Murkowski’s Republican colleagues, such as Senator James Inhofe of Oklahoma, have said human-activities such as the burning of coal to generate electricity aren’t responsible for global warming.
Proposals offered by the senator include speeding government approval for oil and gas drilling, approving the Keystone XL pipeline to carry crude from Alberta to refineries along the Gulf Coast, and promoting energy conservation and renewable energy sources including hydroelectric power.
Absent from Murkowski’s plan are new mandates for renewable energy production and the repeal of the oil-and-gas tax breaks to support clean energy, proposals some Democrats favor.
Production, Environment
Murkowski said the report is a “discussion blueprint” designed to shift the debate away from pitting more production of fossil fuel against stepped-up environmental regulation.
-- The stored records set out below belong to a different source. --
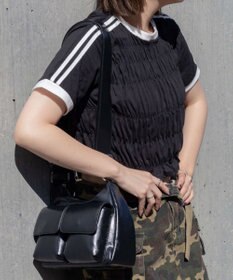 WEGO ラインデザインシャーリングトップス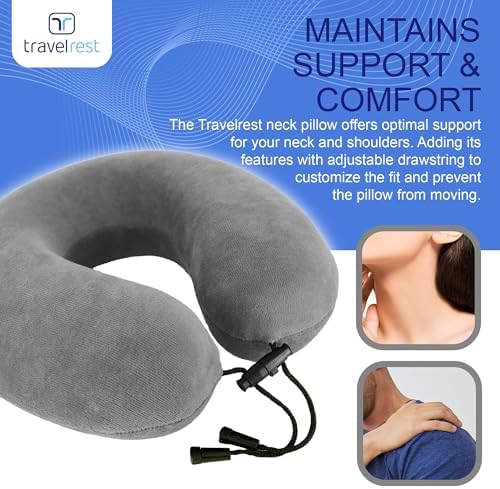 Travelrest Travel Essential Neck Pillow - Memory Foam and Washable Cover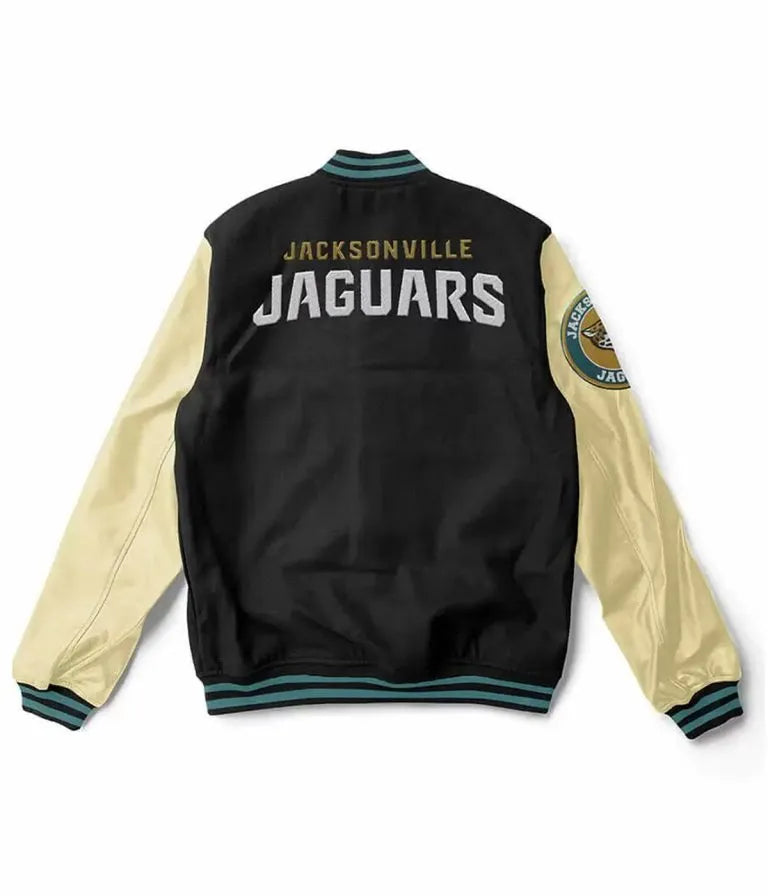 Jacksonville Jaguars Black Wool and Off-White Genuine Leather Sleeves Men's Varsity Letterman Jacket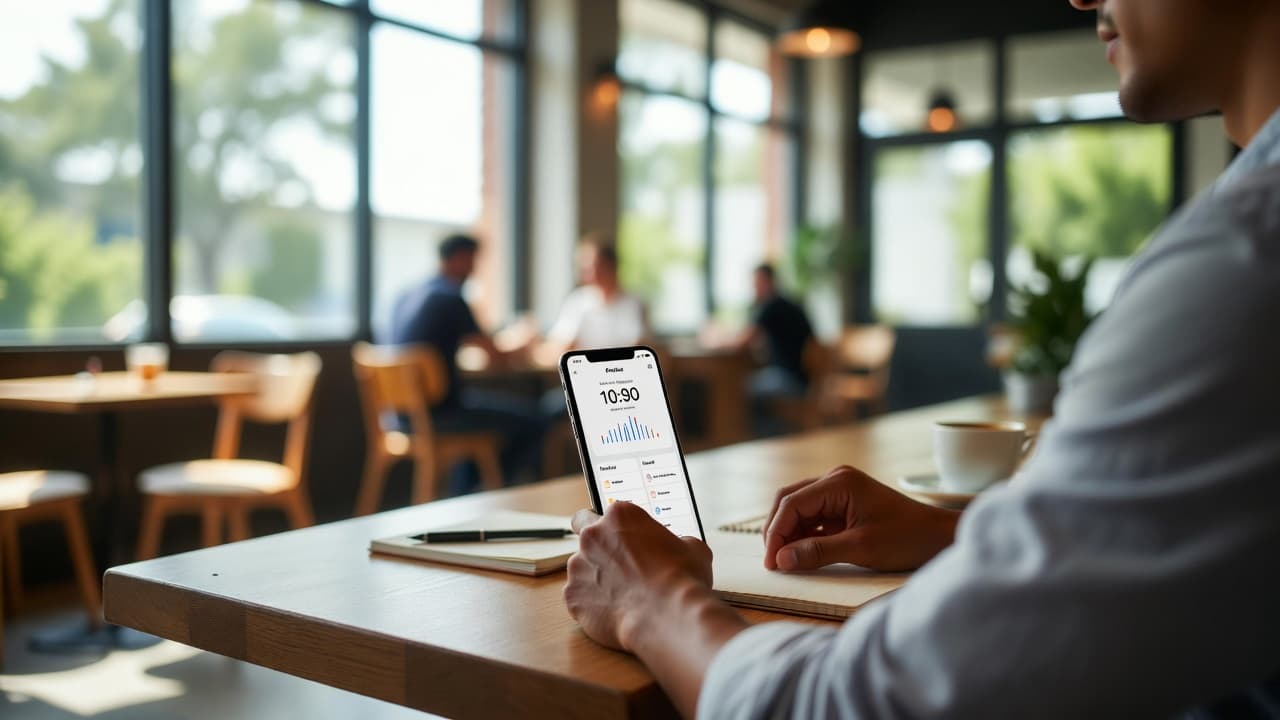 Smartphone mit Zeiterfassungs-App auf einem Cafétisch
“Murkowski’s energy blueprint for the future reads more like a cut-and-paste job from the fossil fuel industry’s playbook of the past,” Franz Matzner, associate director of government at the Natural Resources Defense Council, said in a statement. “It relies extensively on policies and incentives for increased oil and gas drilling, while ruling out many of the policy tools most likely to reduce carbon pollution and bring cleaner energy technologies into the marketplace.”
A shift is necessary, Murkowski said, because advances in exploration processes, including hydraulic fracturing, have turned the U.S. into a nation that soon may meet most if not all of its energy needs. A National Intelligence Council report in December reiterated estimates that U.S. oil production may expand to 15 million barrels a day, enough to make the nation “a major energy exporter” by 2020.
Congress should weigh in on how best to manage the newfound bounty and the opportunities it provides, she said.